Conservancy Gives Land to Town for Park

July 21, 2010

A project to expand Riverfront Park took another step forward yesterday when Tar River Land Conservancy brought nine acres of land from St. Luke’s Episcopal Church and immediately gave it to the town of Tarboro. The property on E. St. James Street and E. Pitt St. adjoins the park and was conveyed to the town with restrictions that guarantee the permanent protection of its natural features. The closing of the transaction took place Wednesday morning at the law office of Taylor, Brinson and DeLoatch.

Left to Right: Rosena Ricks and Anna Barnes of St. Luke’s Episcopal Church and Derek Halberg of Tar River Land Conservancy look on as Mayor Donald Morris signs the paperwork accepting nine acres of property that will be added to Riverfront Park and provide a greenway connecting E. St. James Street with the river.

“The sale of this property is a great benefit to St. Luke’s, which has a very small congregation,” explained Anna Barnes, who serves as Treasurer for the church. “We feel fortunate and are so happy that the property will be used to expand the park for the pleasure of all Tarboreans”.

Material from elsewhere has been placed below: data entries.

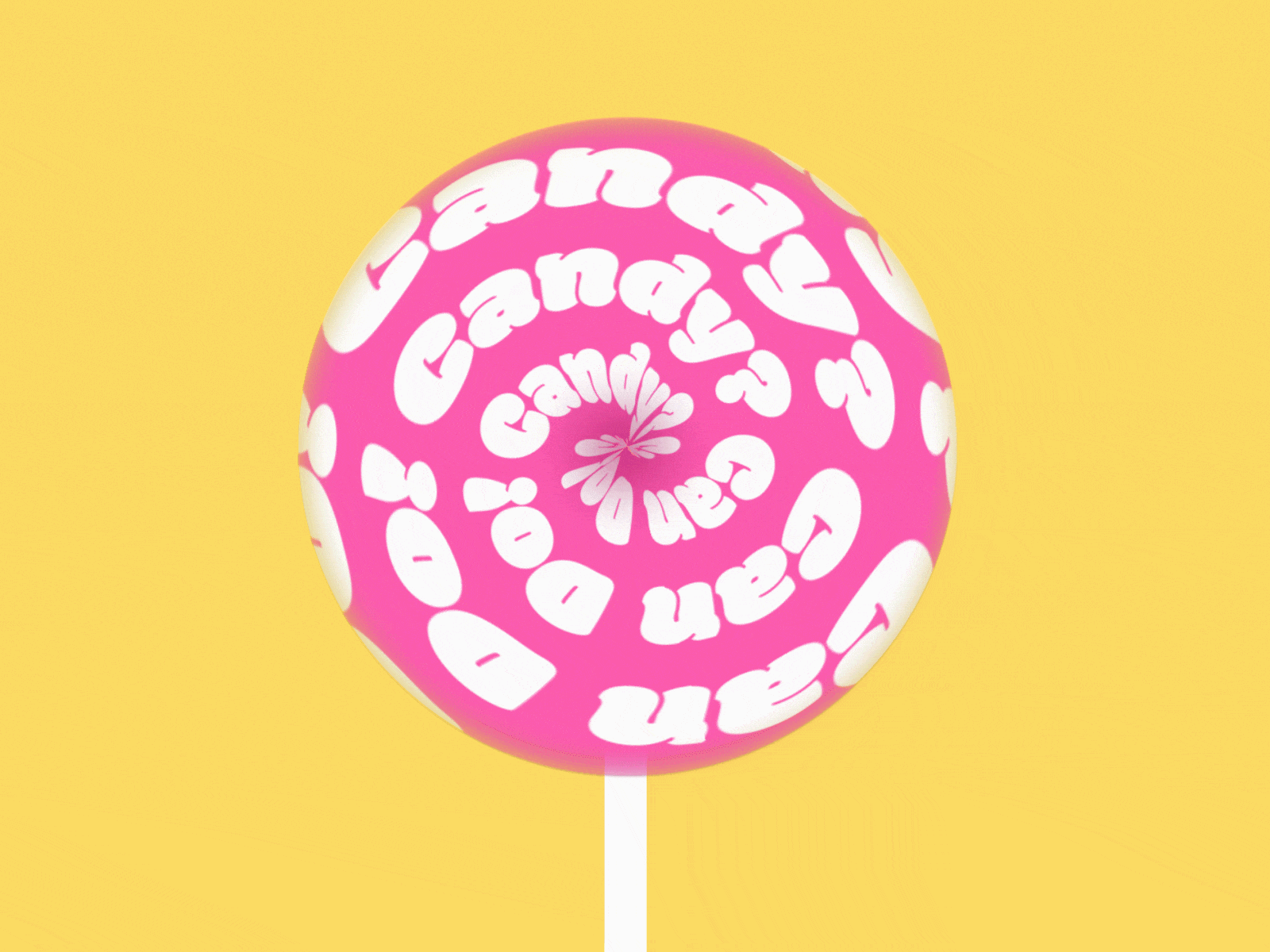 Candy? Can Do! 2d animation adobe aftereffects animated gif animated text animation candy child theme food food animation kinetictypography lollipops loop animation motion graphics repetition text animation type typography animation typography art typography design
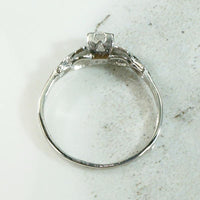 Dainty Deco Details Diamond & Platinum Ring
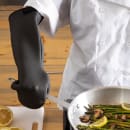 San Jamar UPM17BK 17" Puppet Oven Mitt - Neoprene, Black thumbnail 5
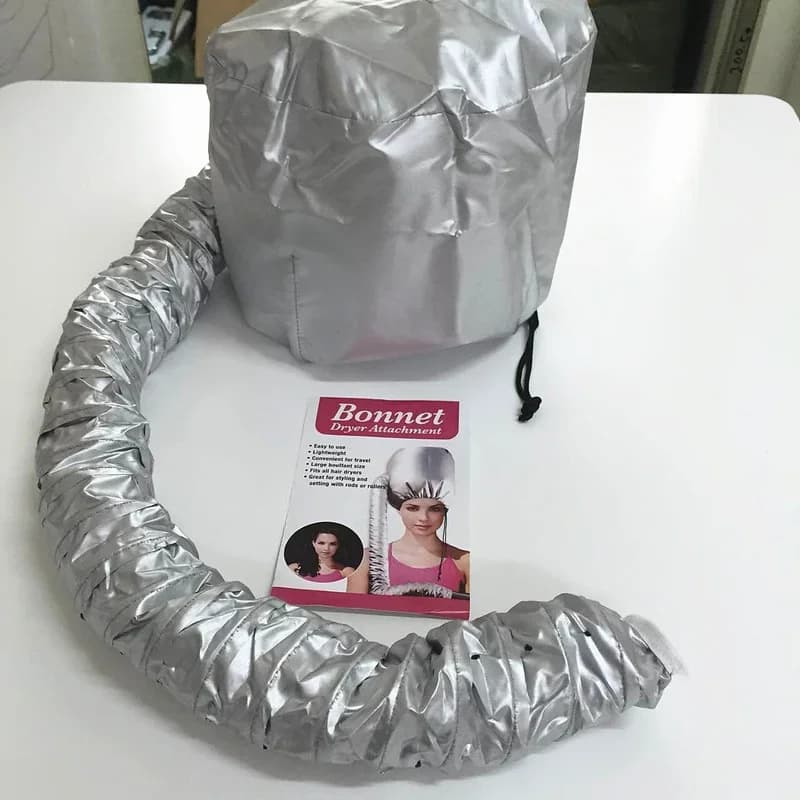 portable hair dryer cap with diffuser — image 4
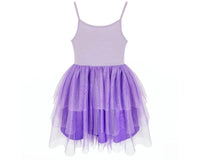 #AF22009 Girls Purple Tutu Dress, Rainbow Cloud Ballerina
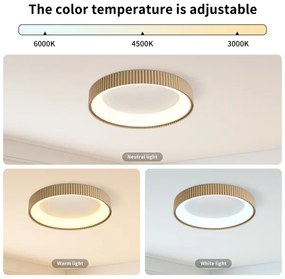 Brilagi - LED fényerőszabályozható mennyezeti lámpa FALCON MODERN LED/30W/230V 40 cm bézs+távirányító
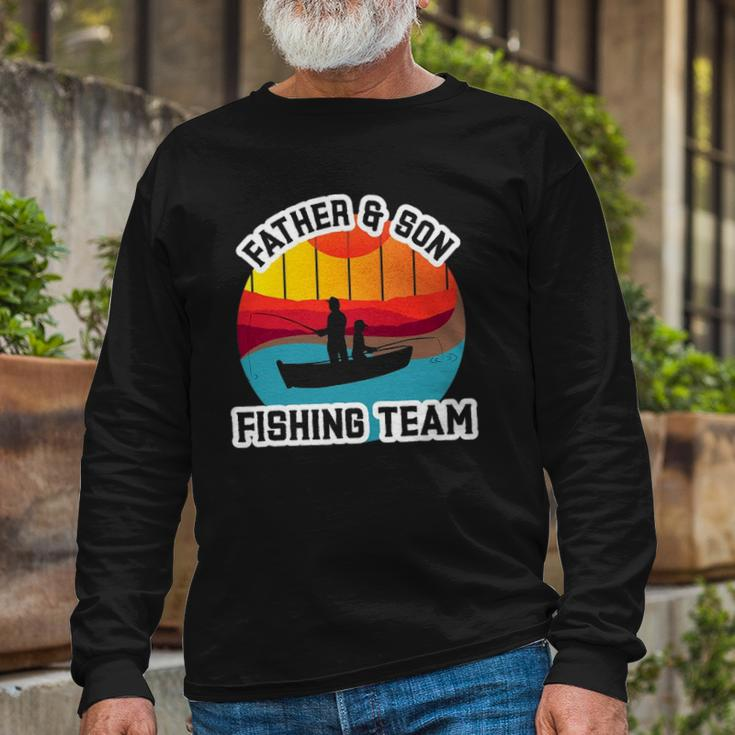 Father And Son Fishing Team Fathers Day Long Sleeve T-Shirt T-Shirt Gifts for Old Men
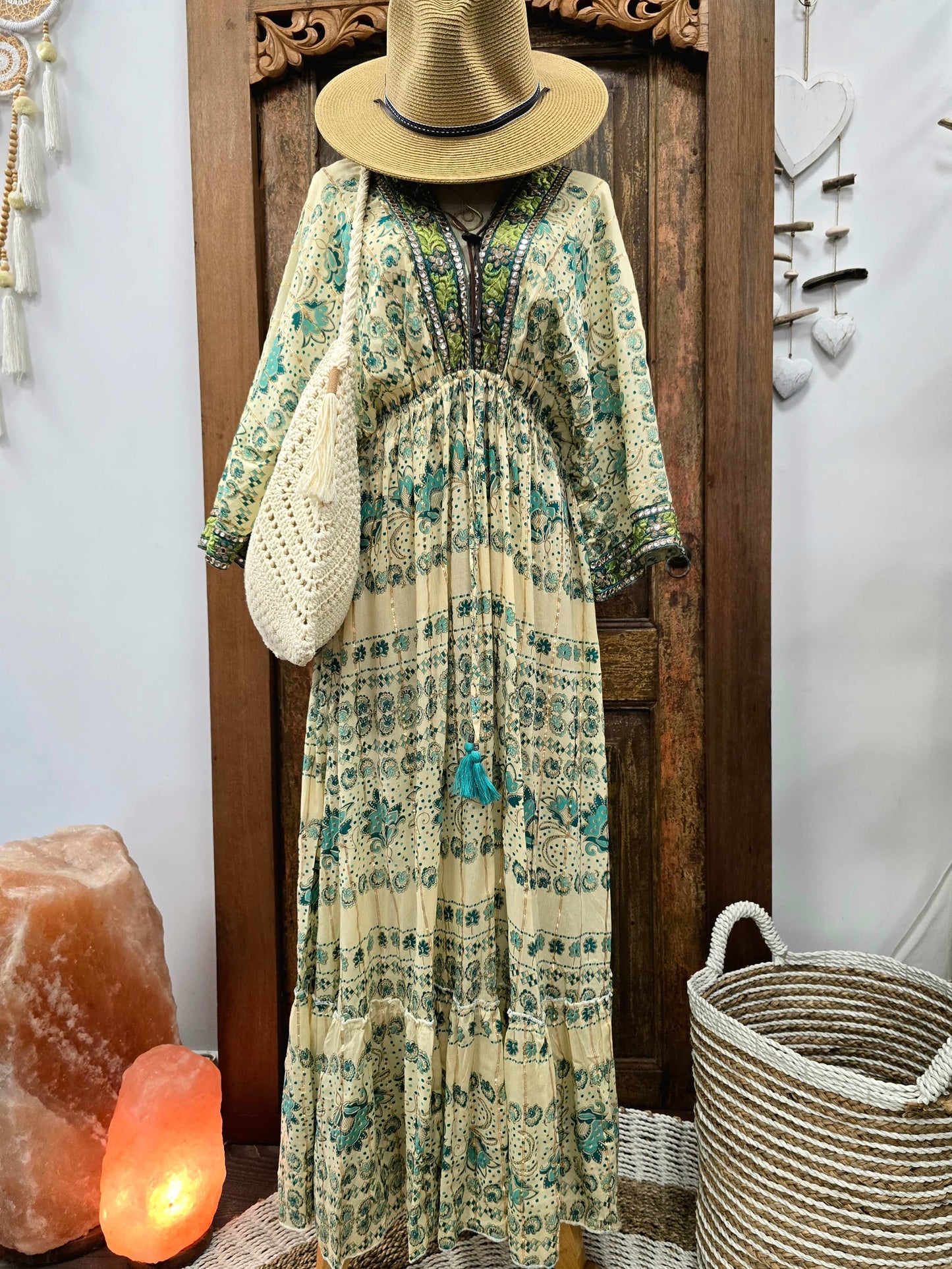 Celeste Maxi Dress | Ivory Collection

Tar River Land Conservancy raised over $50,000 for the purchase and to cover other project costs such as surveys and environmental assessments. Most of the funding came from private sources, including the Eddie and Jo Allison Smith Family Foundation, the Nicholas Bunn Boddie, Sr. and Lucy Mayo Boddie Foundation and the Conservation Trust for North Carolina.

A garden party hosted by Joe and Bernice Pitt of Tarboro in April was also instrumental in raising money for the project, which was supported by over 100 individuals from Edgecombe and nearby counties. “We are enormously grateful to our donors.” said Derek Halberg, Executive Director for the conservancy. This project would never have been possible without their generosity.”

The town contributed $2,500 towards the project and has plans to develop a greenway trail through the property that links E. St. James Street to the Riverfront Park. “We’re looking forward to developing a trail there and creating a new recreational opportunity for the community,” said Mayor Donald Morris.

In April and June, the conservancy recruited volunteers from Sara Lee Corporation and Tarboro Community Outreach to clean trash from the property before being converted to public use.